Myriad reform proposals from new Republican legislators in Wisconsin are expected to wash away the state superintendent’s recent proposal to reorganize education funding.
State Superintendent of Schools Tony Evers outlined a plan in mid-November to reduce schools’ share of local property taxes by increasing state expenditures to guarantee a minimum of $3,000 in state aid for each public school student. To cover it, he’s requesting a budget increase of $420 million over the next two years, “the smallest K-12 budget request in nearly a decade,” he wrote in the “Fair Funding for Our Future” proposal.
Meanwhile, Republican Gov. Scott Walker and new Republican majorities in both legislative houses have just learned the state must fill a two-year, $3 billion budget hole. That’s a fifth of next year’s budget.

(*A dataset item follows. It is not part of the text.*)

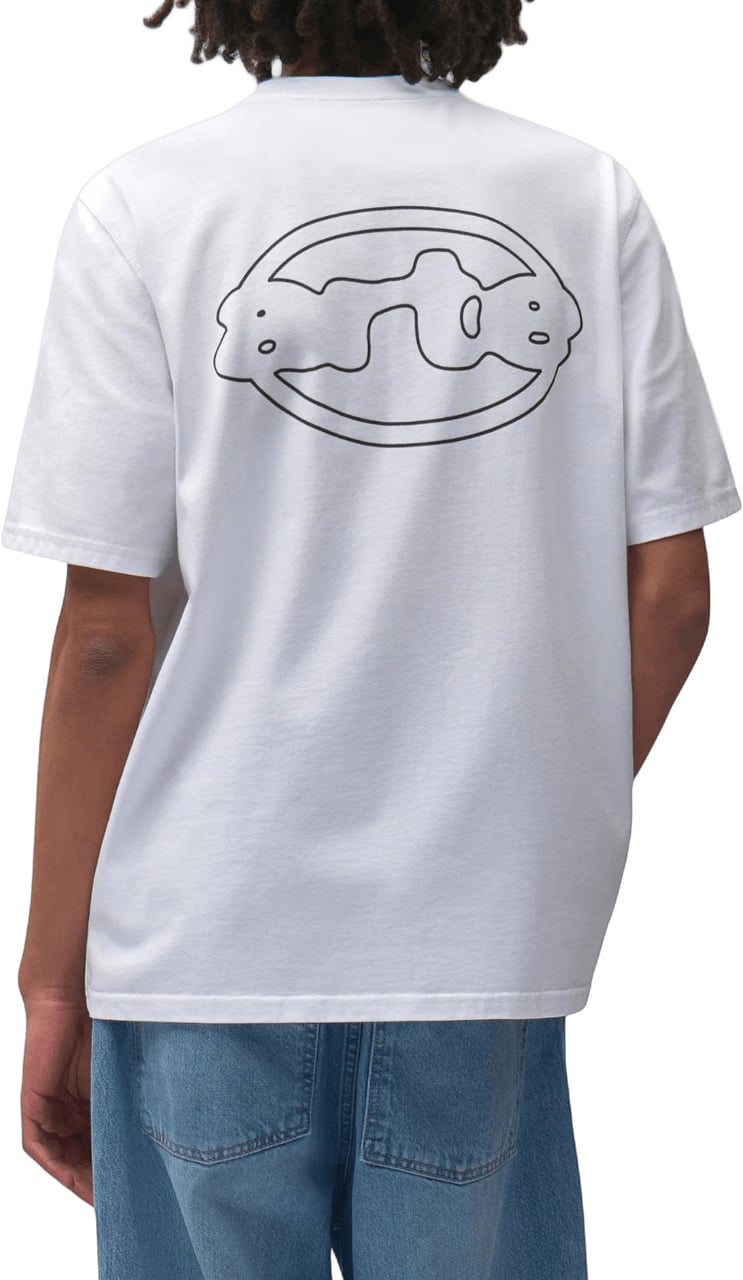 Arte Antwerp EMBLEM T-SHIRT Wit
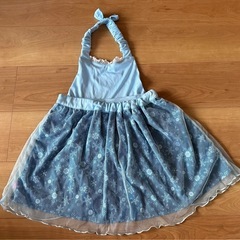 アナ雪　エプロンの画像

State Sen. Alberta Darling (R-River Hills), the new co-chairman of the legislature’s Joint Finance Committee, pronounced Evers’ plan “dead on arrival.”
“I think those goals are very admirable,” she said. “But, you know, it’s a $6 billion budget just for education alone, and we don’t have the new money. I think we have to do better with less. That’s just where we are.”
Focus on ‘Bottom Line’
Wisconsin is one of several states struggling with large budget deficits, high unemployment, and, in particular, the end of onetime federal stimulus payments that legislators spent on continuing programs, teacher salaries, and benefits. ??Reflecting voter worries about taxes and spending, Wisconsin Republicans in November had their best midterm performance in 78 years, capturing a U.S. Senate seat, six out of eight congressional seats, and both houses of the state legislature.
“Traditional thinking says we need more fuel in the furnace, more money. When you don’t have money, you look at other options,” said George Lightbourne, president of the Wisconsin Policy Research Institute. “It’s the perfect time to advance education reform.”
Gov. Scott Walker (R) and the legislature will focus on the Evers’ plan’s bottom line rather than its particular provisions, said Alan Borsuk, a senior fellow at Marquette University Law School.
“It’s time to redo the state [school funding] formula in some fashion, make it clearer to understand and more connected to need,” he said, “but the real issue is going to be taxes and total spending. A proposal to increase the pot isn’t likely to get too warm a reception.”
Walker Promises More Choice
Walker’s team has not finalized its education agenda or budget, but the new administration plans to follow through on campaign promises to cut costs and expand choice, Press Secretary Cullen Werwie explained.
“Evers should be applauded for recognizing the need for real funding reform in our K-12 education system,” Werwie said. “As the state faces a $2.7 billion budget deficit, however, true funding reform means focusing on how to better spend the dollars we have today.”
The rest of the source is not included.